» Exercise prompt: Please retype exactly the lines from the one containing "StopTech 128.63080R StopTech" through the end of the records, leaving out the pictures.

» Data for review:
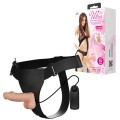 Pretty Love ULTRA PASSIONATE HARNESS 7.6" strap on z wibrującym dildo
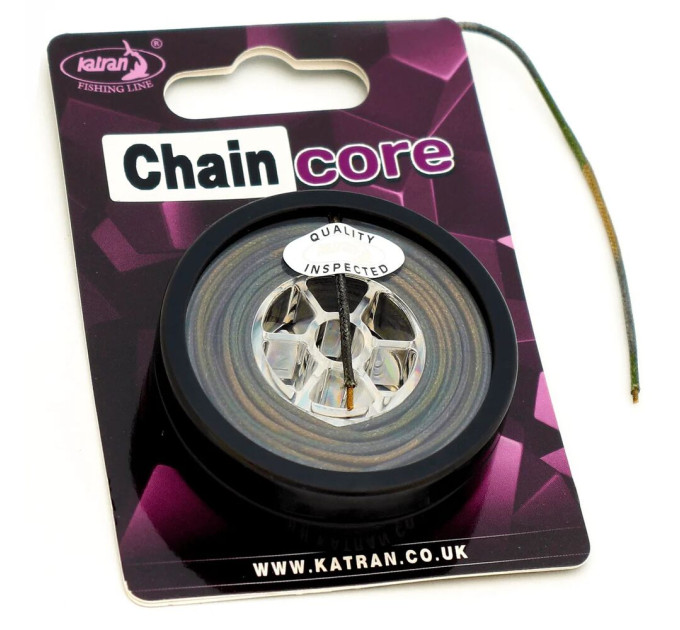 Лідкор Katran Chain Core Comodo 5m 80 lb Camo Brown Black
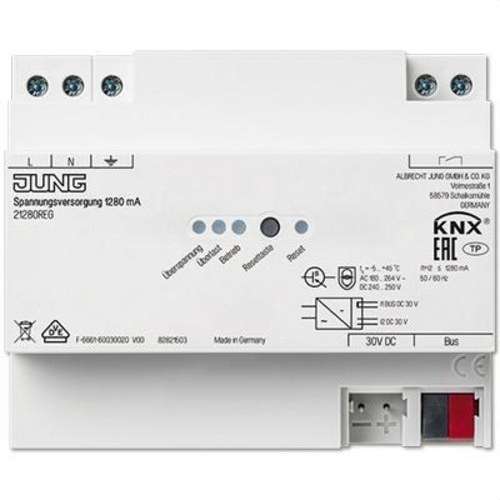 Fuente de alimentación Jung KNX 1.280 mA con referencia 21280REG de la marca JUNG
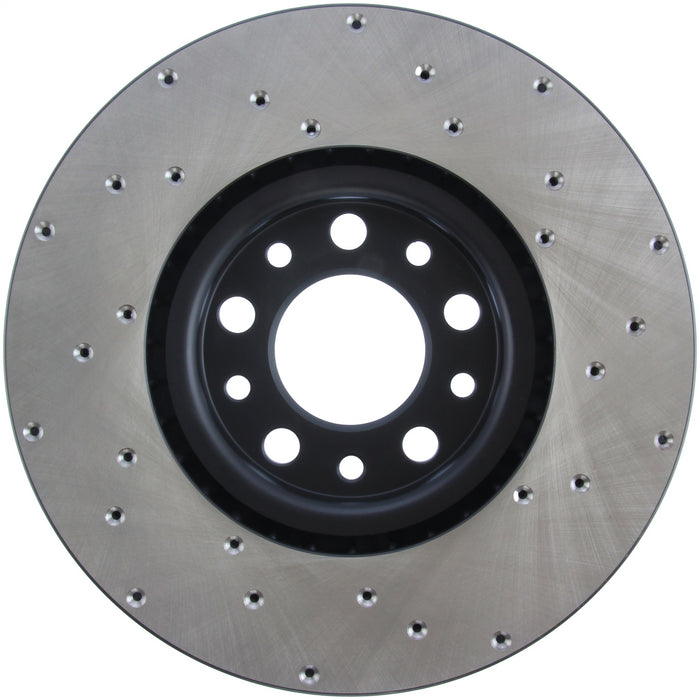 StopTech 128.63080R StopTech Sport Cross Drilled Brake Rotor; Front Right - Truck Part Superstore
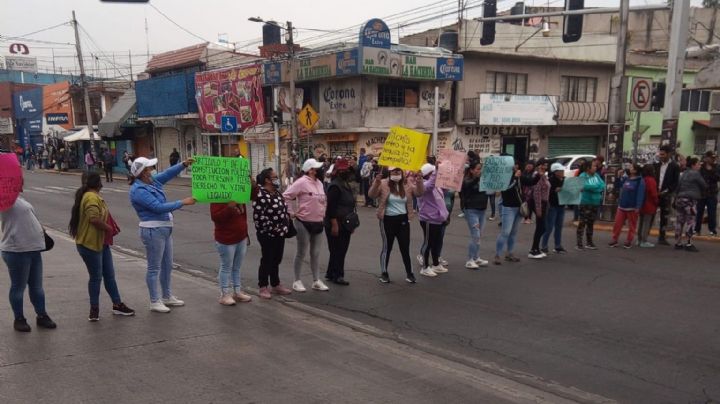 Liberan circualcion en via Morelos en Ecatepec luego de seis horas de bloqueo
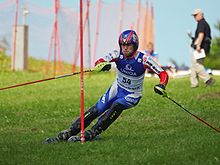 Lukáš Vecheta im Slalom der WM 2009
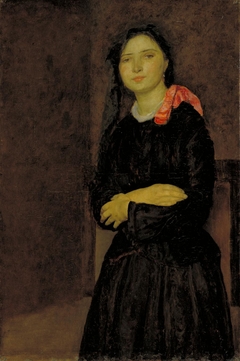 Dorelia in a Black Dress by Gwen John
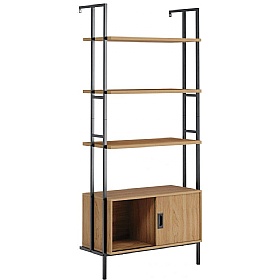 Hythe Wall Mounted Home Office Bookcase Unit - Office Storage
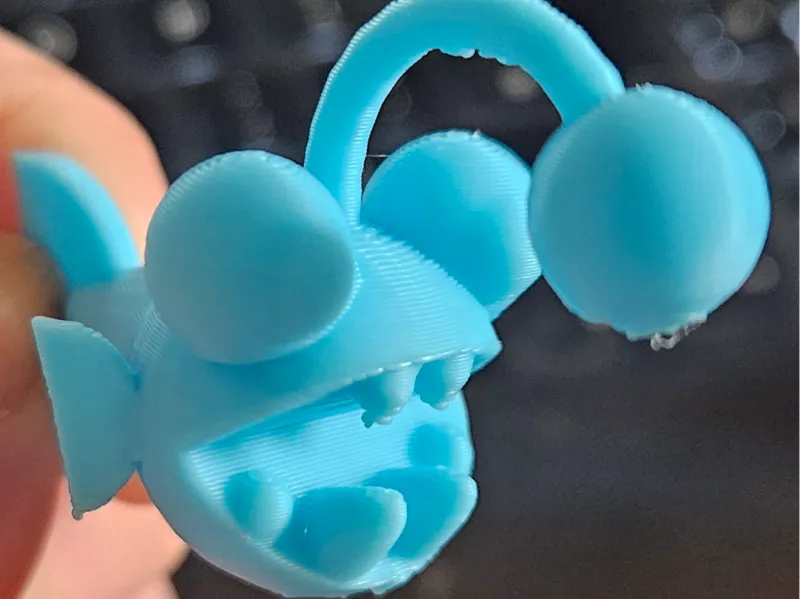 Cute Angler Fish Keyring
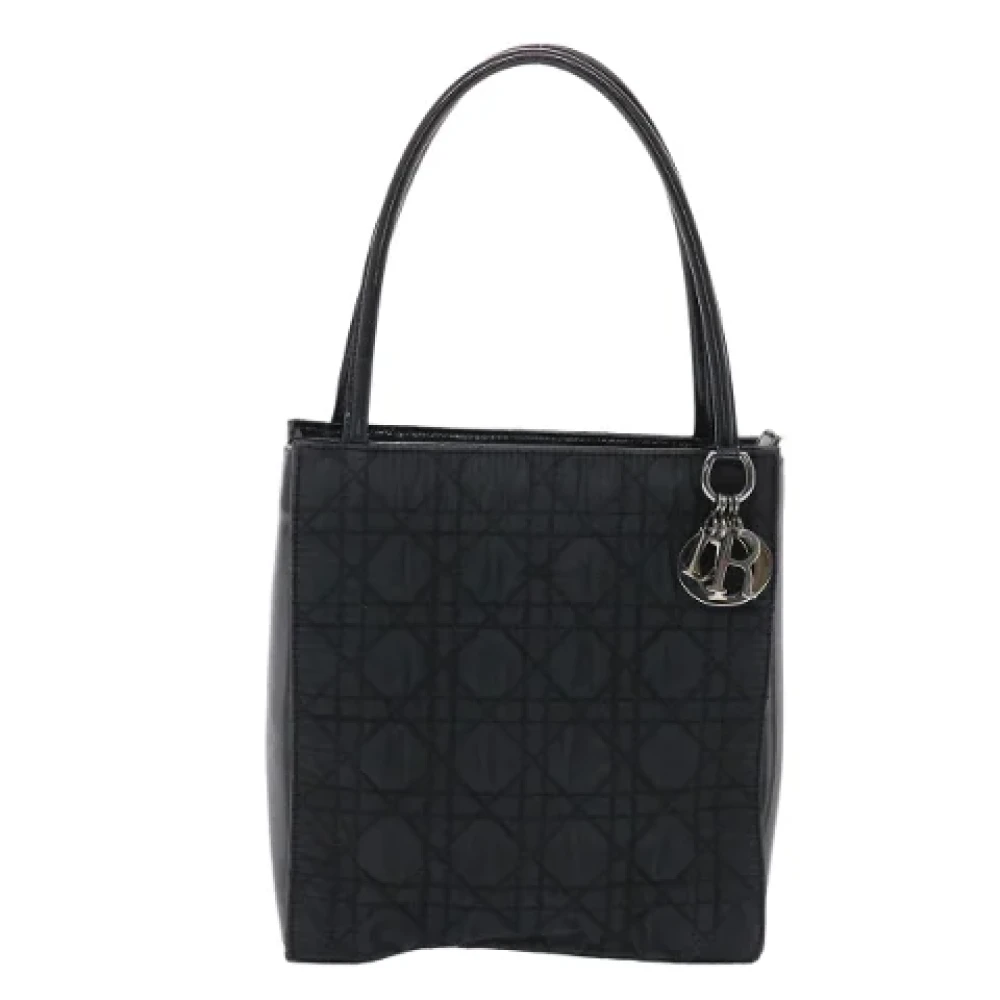 Dior Vintage Pre-owned Fabric handbags Black Dames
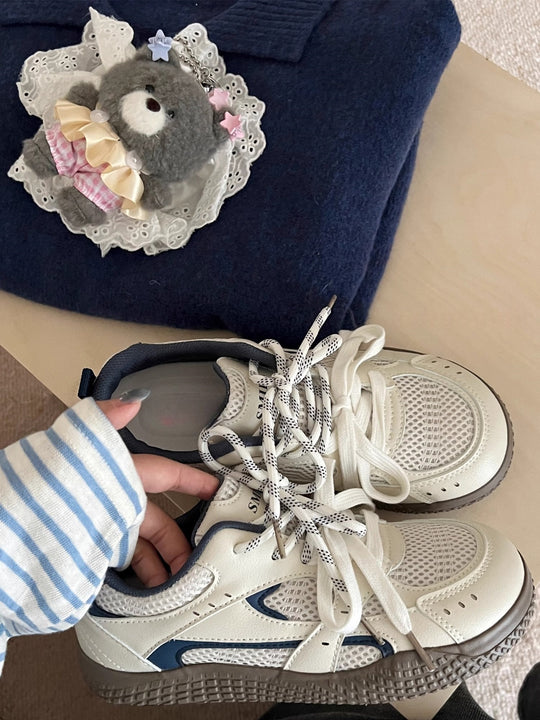 Damen Sneakers mit elastischem Obermaterial und modischem Design R&B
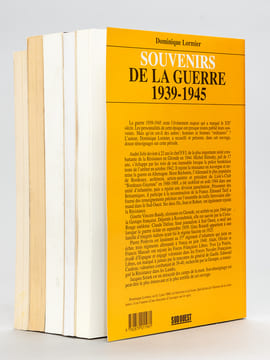 [ Lot de 5 livres dédicacés par l'auteur ] Souvenirs de la Guerre 1939-1945 ; La Bataille de Bir-Hakeim. Une résistance héroïque ; Les Combats ...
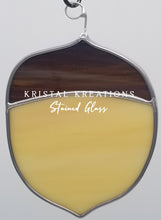 Load image into Gallery viewer, Acorn Stained Glass Suncatcher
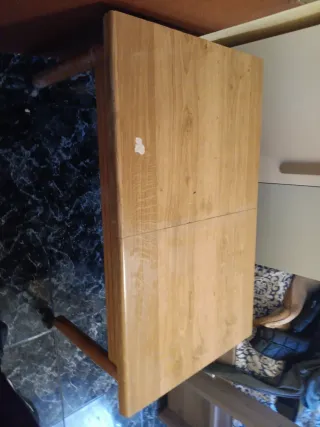 Mesa plegable de madera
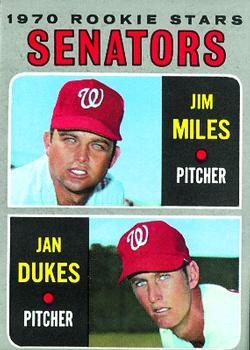 Senators Rookie Stars - Jim Miles / Jan Dukes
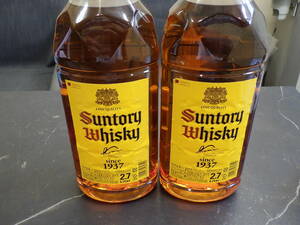 SUNTORY WHISKY サントリー ウイスキー 角 大容量 業務用 40％ 2.7L ペットボトル 2700ml 未開封品 2本セット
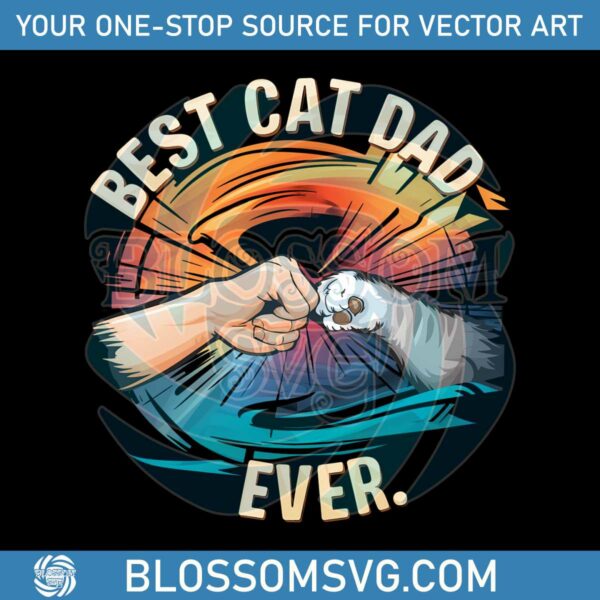 best-cat-dad-ever-cat-paw-png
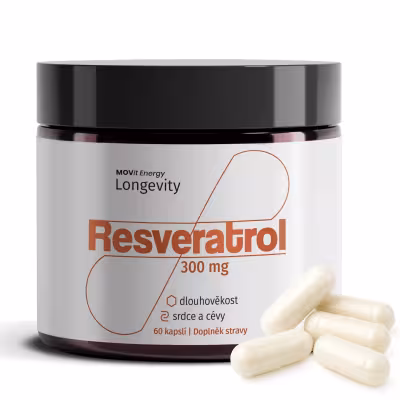 MOVit Longevity Resveratrol 60 kapsúl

» Problem solution:
 StopTech 128.63080R StopTech Sport Cross Drilled Brake Rotor; Front Right - Truck Part Superstore
 Liberan circualcion en via Morelos en Ecatepec luego de seis horas de bloqueo
 Lukáš Vecheta im Slalom der WM 2009
 Dorelia in a Black Dress by Gwen John
 Hythe Wall Mounted Home Office Bookcase Unit - Office Storage
 Cute Angler Fish Keyring
 Dior Vintage Pre-owned Fabric handbags Black Dames
 Damen Sneakers mit elastischem Obermaterial und modischem Design R&B
 [ Lot de 5 livres dédicacés par l'auteur ] Souvenirs de la Guerre 1939-1945 ; La Bataille de Bir-Hakeim. Une résistance héroïque ; Les Combats ...
 Load image into Gallery viewer, Acorn Stained Glass Suncatcher
 Mesa plegable de madera
 Senators Rookie Stars - Jim Miles / Jan Dukes
 SUNTORY WHISKY サントリー ウイスキー 角 大容量 業務用 40％ 2.7L ペットボトル 2700ml 未開封品 2本セット
 best-cat-dad-ever-cat-paw-png
 MOVit Longevity Resveratrol 60 kapsúl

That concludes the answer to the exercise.